- [What you should do] Once the line with "Doudou chat tigre Baby'Nat - photo numéro 4" is found in the data, output it and each following line exactly, up to and including the line with "Comprar HIKVISION PRO", and nothing before or after.

- [Provided records]
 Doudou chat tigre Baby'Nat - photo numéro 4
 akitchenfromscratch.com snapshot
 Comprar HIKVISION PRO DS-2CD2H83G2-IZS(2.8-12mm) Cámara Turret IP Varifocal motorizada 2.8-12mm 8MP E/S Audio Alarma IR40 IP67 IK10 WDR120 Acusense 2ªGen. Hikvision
* * *
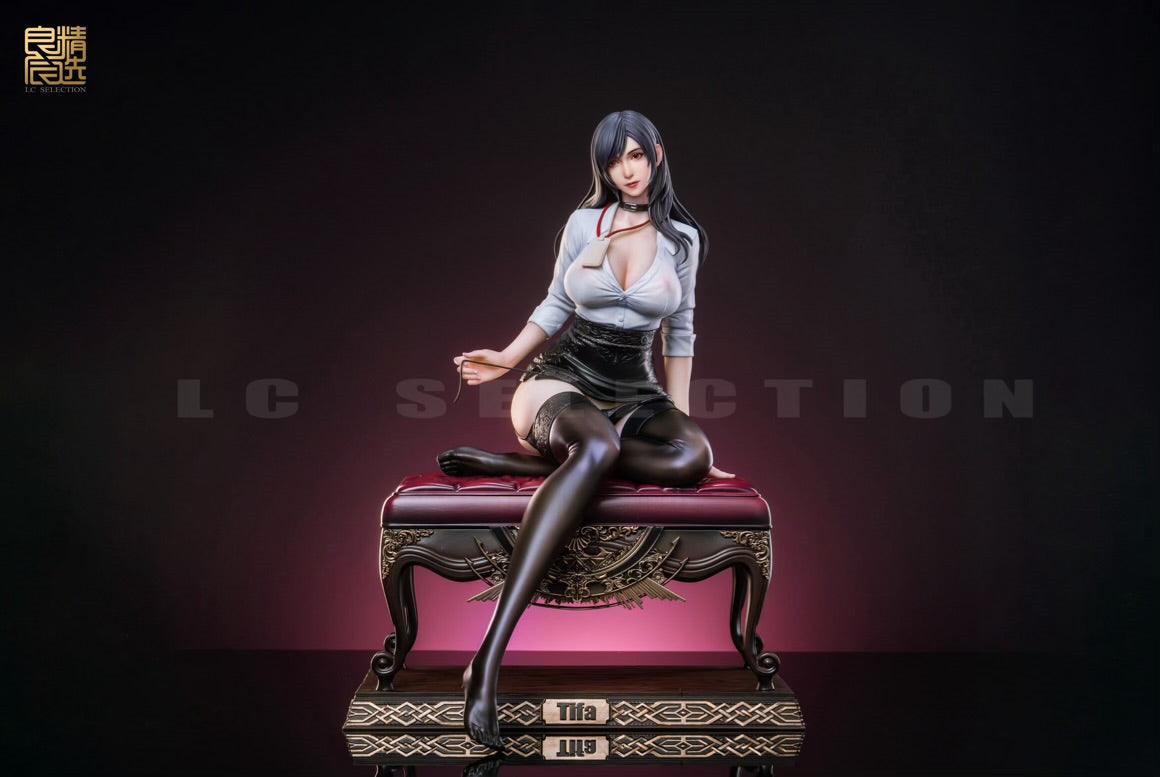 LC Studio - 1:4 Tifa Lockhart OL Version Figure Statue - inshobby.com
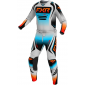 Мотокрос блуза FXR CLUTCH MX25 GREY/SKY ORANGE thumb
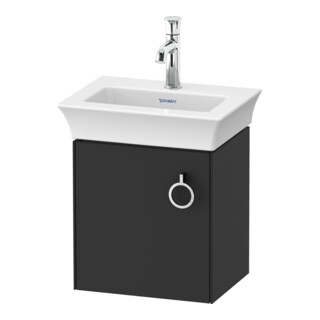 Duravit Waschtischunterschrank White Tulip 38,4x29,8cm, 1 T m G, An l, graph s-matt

- [Worked solution]
 Doudou chat tigre Baby'Nat - photo numéro 4
 akitchenfromscratch.com snapshot
 Comprar HIKVISION PRO DS-2CD2H83G2-IZS(2.8-12mm) Cámara Turret IP Varifocal motorizada 2.8-12mm 8MP E/S Audio Alarma IR40 IP67 IK10 WDR120 Acusense 2ªGen. Hikvision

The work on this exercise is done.